Before: Gribbs, P.J., and Smolenski and Gage, JJ.
PER CURIAM.
Plaintiffs are retired members of the City of Southfield's police department. They filed a two
count complaint alleging that they were deprived of retirement benefits previously earned contrary to the
state constitution, Const 1963, art 9, § 24, and the Civil Rights Act, MCL 37.2202; MSA 3.548(202).

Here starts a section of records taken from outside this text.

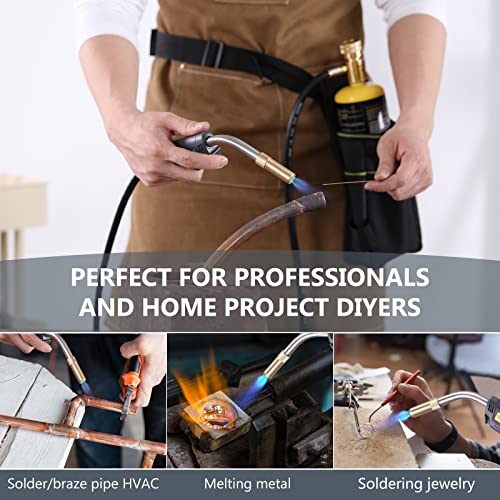 Tausom Propane Torch, Mapp Gas Torch With Included Holster, Trigger Start Hose Torch, Map Gas Torch Kit Adjustment Knob, Brazing Torch Kit, Soldering Welding Torch #TOP4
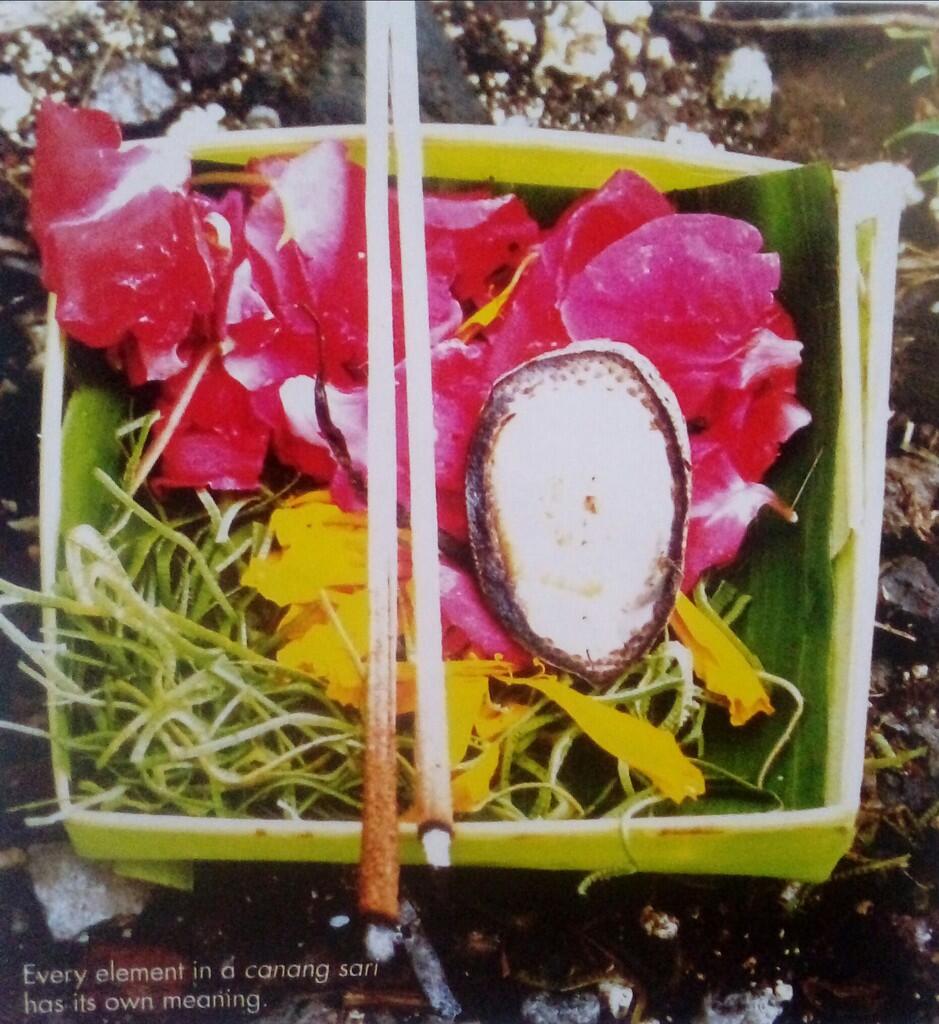 Symbols of Bali, Learn all about canang sari and Balinese black and white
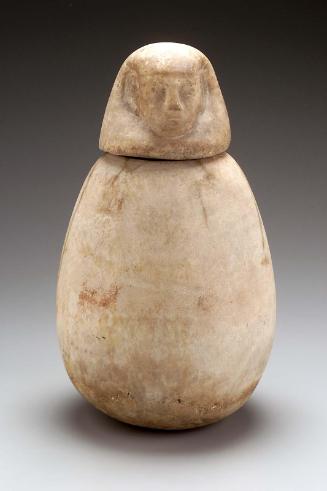 Canopic jar and lid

Plaintiffs’ claims arise from a change in their retirement benefits as set forth in the collective bargaining
agreements. Plaintiffs alleged that under the collective bargaining agreement entered before 1988, each
of them were entitled to receive a regular retirement pension payable throughout his life of two and one
half percent of his average final compensation (AFC) multiplied by the first twenty-five years of service
credited to him, plus one percent of his AFC multiplied by the number of years, and fraction of a year,
of service rendered by him in excess of twenty-five years. Under a new collective bargaining agreement
dated July 1, 1988, the computation of plaintiffs’ benefits was limited to credit for only twenty-five years
of service, with the compensation multiplier increased from two and one-half percent to 2.8 percent of
their AFC.
The parties agreed that the trial court could decide the matter pursuant to cross-motions for
summary disposition, based on stipulated facts. The trial court ruled in favor of plaintiffs with respect to
count I, holding that the new formula adopted in the 1988 collective bargaining agreement to compute
retirement benefits violated Const 1963, art 9, § 24, because application of the new formula to plaintiffs
deprived them of financial benefits they had already accrued for work performed. However, the trial
court ruled in favor of defendants with respect to count II of plaintiffs’ complaint, holding that plaintiffs
failed to establish age discrimination under the Civil Rights Act. Plaintiffs appeal as of right the trial
court's decision in Docket No. 207035. Defendants appeal as of right the court's decision in Docket
No. 207056. The appeals have been consolidated for this Court’s consideration. We affirm.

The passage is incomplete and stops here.